PROVIDED DATA.
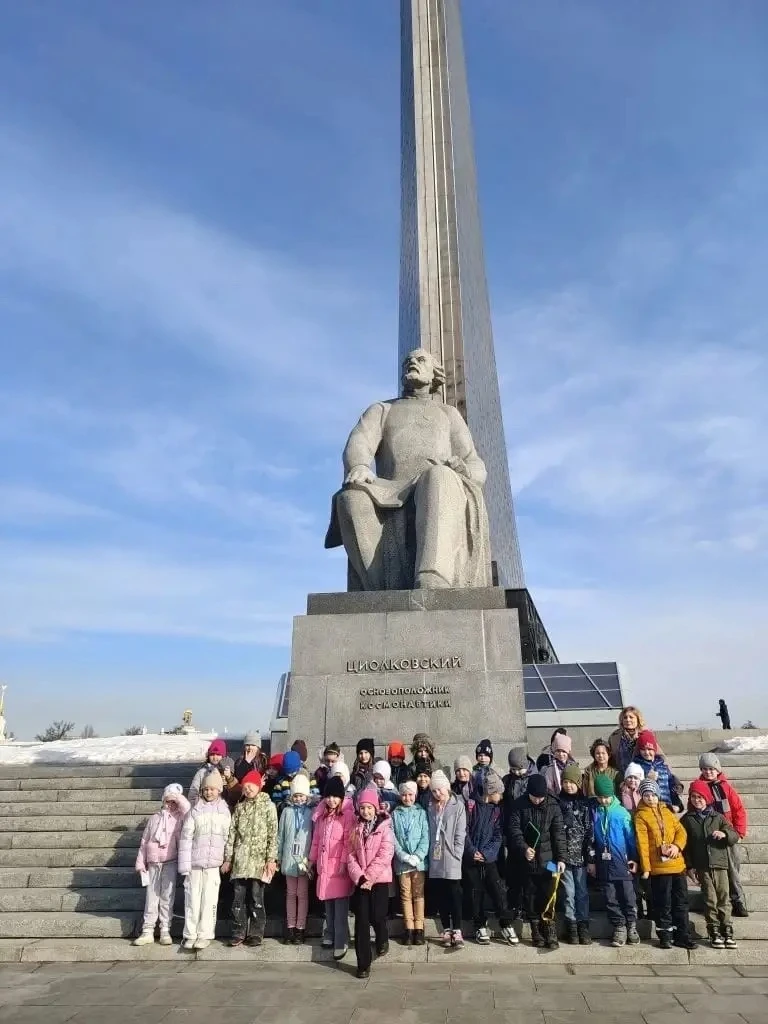 🚀 Первые шаги в космосе: экскурсия в Музей космонавтики  📅 17 марта ученики 1А и 1В классов отправил
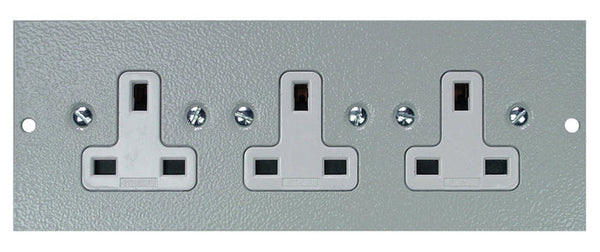 Tass ST0405 Triple Unswitched Sockets Plate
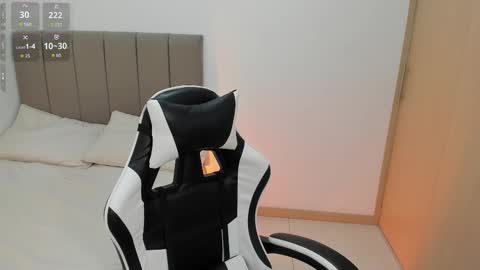 Instagram Soyamandaa  1 online show from March 5, 10:17 pm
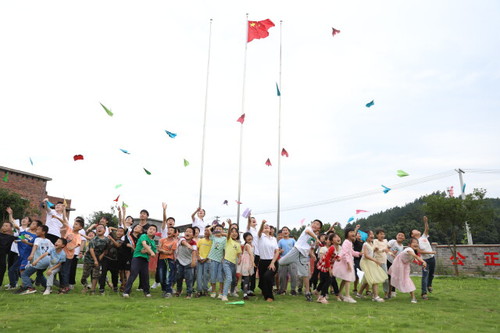 开云(中国)Kaiyun·官方网站:诗词启心智,国学伴童年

THE PROBLEM.
Whenever images occur above, omit them and retype each line exactly as it stands.

EXERCISE OUTPUT.
 🚀 Первые шаги в космосе: экскурсия в Музей космонавтики  📅 17 марта ученики 1А и 1В классов отправил
 Tass ST0405 Triple Unswitched Sockets Plate
 Instagram Soyamandaa  1 online show from March 5, 10:17 pm
 开云(中国)Kaiyun·官方网站:诗词启心智,国学伴童年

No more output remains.